A routing function reads the intent from state and returns a node name as a string. LangGraph uses this to decide the next node. This is the only branching point in the entire graph.

02a
RAG Retriever Node

Only runs if intent='rag'. Embeds the query with Titan v2, queries Pinecone, and appends the top-5 chunks to state as retrieved_context.

02b
SQL Executor Node

Only runs if intent='sql'. Fetches table schemas from DynamoDB, asks Nova Lite to generate DuckDB SQL, executes it against the S3 CSV via HTTPFS, and appends the result table to state.

03
Response Generation Node

All three branches converge here. Injects context (RAG chunks or SQL table, or nothing for casual) into the Bedrock Nova Pro prompt via XML <context> markers and streams tokens back via SSE.
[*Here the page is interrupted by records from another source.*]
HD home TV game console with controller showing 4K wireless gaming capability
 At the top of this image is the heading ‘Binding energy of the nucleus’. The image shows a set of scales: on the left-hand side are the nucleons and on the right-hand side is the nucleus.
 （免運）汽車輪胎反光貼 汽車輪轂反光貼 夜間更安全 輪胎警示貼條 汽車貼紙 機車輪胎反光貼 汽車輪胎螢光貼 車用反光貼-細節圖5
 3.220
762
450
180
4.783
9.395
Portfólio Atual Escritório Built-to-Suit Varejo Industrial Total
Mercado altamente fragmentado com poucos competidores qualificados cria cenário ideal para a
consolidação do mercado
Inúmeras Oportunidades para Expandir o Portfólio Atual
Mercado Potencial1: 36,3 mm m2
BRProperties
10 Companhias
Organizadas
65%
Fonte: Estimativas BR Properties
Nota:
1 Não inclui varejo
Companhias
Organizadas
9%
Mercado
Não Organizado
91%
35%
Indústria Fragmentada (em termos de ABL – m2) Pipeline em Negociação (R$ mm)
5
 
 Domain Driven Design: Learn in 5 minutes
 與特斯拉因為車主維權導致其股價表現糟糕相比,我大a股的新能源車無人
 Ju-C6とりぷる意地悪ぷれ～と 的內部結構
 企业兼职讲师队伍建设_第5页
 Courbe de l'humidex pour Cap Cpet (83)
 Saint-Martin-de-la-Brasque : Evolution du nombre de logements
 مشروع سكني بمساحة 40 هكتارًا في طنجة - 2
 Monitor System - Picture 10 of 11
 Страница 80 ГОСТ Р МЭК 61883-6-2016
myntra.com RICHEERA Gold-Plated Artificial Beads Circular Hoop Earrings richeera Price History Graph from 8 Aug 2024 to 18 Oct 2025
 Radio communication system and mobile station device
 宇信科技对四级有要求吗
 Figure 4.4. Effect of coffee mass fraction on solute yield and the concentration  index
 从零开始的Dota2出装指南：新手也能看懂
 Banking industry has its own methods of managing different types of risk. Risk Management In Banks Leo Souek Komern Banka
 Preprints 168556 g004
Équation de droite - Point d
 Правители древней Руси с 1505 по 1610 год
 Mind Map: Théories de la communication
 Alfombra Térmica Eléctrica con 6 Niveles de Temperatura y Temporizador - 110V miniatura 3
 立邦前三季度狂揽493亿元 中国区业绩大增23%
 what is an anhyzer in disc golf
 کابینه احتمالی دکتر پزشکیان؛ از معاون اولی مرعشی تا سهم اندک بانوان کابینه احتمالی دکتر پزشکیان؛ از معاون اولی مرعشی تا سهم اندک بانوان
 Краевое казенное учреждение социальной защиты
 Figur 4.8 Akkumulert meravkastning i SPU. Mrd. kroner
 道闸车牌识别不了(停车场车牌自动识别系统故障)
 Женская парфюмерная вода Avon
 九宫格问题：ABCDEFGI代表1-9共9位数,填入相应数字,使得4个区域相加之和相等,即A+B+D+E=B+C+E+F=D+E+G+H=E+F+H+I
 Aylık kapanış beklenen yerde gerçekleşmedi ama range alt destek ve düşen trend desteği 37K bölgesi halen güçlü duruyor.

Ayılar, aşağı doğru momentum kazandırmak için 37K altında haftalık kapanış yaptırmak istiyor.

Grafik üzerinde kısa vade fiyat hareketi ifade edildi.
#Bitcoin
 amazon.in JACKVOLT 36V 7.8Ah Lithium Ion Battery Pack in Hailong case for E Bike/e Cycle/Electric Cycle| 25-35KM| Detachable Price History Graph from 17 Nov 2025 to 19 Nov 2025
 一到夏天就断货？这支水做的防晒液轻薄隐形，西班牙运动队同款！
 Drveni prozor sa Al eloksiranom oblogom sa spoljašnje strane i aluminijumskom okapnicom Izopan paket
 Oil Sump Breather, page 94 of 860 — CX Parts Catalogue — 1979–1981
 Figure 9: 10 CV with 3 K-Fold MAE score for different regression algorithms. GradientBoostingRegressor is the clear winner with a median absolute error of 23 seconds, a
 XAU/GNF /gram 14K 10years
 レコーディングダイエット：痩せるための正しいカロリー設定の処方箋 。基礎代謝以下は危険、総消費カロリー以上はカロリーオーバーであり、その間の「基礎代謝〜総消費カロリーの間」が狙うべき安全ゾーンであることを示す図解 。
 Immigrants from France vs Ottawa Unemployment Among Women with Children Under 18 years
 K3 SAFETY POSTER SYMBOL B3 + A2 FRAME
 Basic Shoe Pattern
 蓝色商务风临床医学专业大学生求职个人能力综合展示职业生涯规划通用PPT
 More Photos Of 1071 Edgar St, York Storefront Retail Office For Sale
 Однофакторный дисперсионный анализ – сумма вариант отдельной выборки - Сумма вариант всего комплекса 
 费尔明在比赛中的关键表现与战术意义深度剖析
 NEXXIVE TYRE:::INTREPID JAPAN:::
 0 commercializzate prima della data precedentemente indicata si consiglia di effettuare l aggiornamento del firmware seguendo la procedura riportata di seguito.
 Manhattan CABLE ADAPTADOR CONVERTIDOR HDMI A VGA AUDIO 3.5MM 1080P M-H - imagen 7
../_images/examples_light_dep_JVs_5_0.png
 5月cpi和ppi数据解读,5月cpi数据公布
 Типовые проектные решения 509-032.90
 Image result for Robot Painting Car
Why LangGraph Instead of a Simple if/else Chain?

Deterministic Execution

LangGraph compiles the graph into a static execution plan. Every run follows the same deterministic path based on state — no hidden branching, no surprise side effects between requests.

Observability

Each node and edge is instrumented. LangSmith can trace every invocation — which node ran, what state looked like entering and exiting, how long each step took. Critical for debugging production issues.

Extensibility

Adding a new capability (e.g., a web search node) requires adding one node and one conditional edge. No need to refactor the entire flow — the graph handles routing.

Retrieval

RAG Ingestion + Retrieval Pipeline

Every agent gets its own isolated Pinecone namespace. Documents are chunked, embedded with Amazon Titan v2, and upserted at ingestion time. At query time, the user's question is embedded and compared against all stored vectors using approximate nearest-neighbour search.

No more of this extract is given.